According to the Avon & Somerset Constabulary, the scamming crew was brought down by an investigation into an “elaborate fraud in Bristol, where a jeweller lost £420,000 [$593,348] worth of diamonds, diamond rings and watches, another in London where a jeweller was defrauded to the value of €7.7 million [about $8.6 million], a £250,000 [$353,183]theft in Wiltshire and a £200,000 [$282,547] theft in Leeds.” The gang would swap out real bank notes with counterfeit cash that had the word “Monopoly” printed on them. The law enforcement detail elaborates on the “Monopoly money” used:
The notes were printed in such a way that the ‘Monopoly’ wording was hidden by some genuine outer notes and the paper bands around them.
It is believed the notes were printed in this way so that if the offenders were stopped in possession of them, they could say that they were clearly not genuine and therefore could not be used to deceive anybody. It was only when disguised within the bundles that the notes appeared to be real.

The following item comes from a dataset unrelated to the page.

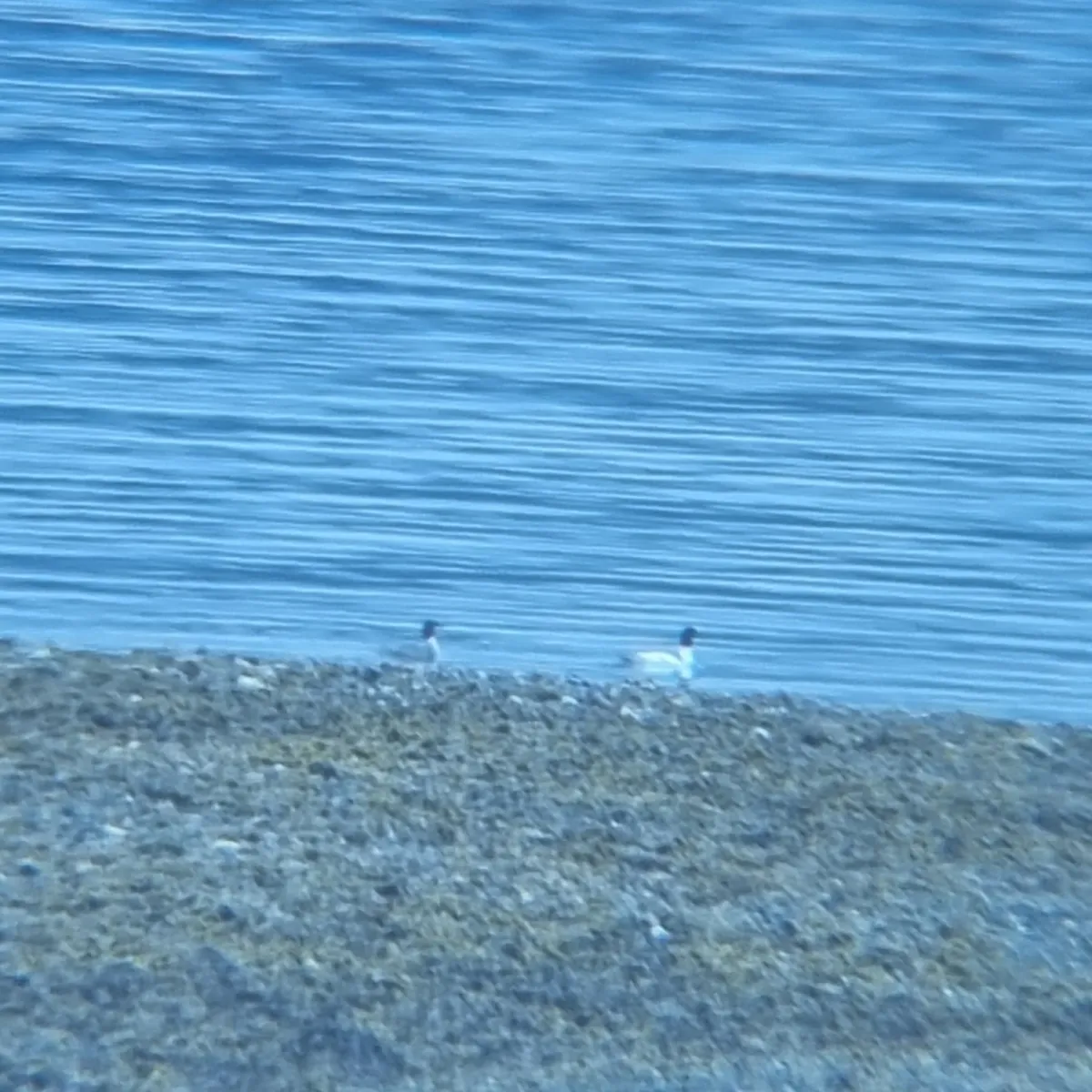 Spotted Common Merganser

AOL describes some of the gang’s work, beginning with the finessing of Bond Street jewelry dealer John Calleija of £6.1 million [about $8.6 million]:
He agreed to meet with gang leader Gianni Accamo (44), who counted out wads of genuine money in front of him, but when he turned to put the counting machine away, he switched the cash for fakes. It was only after the dealer left that he realised he had been robbed.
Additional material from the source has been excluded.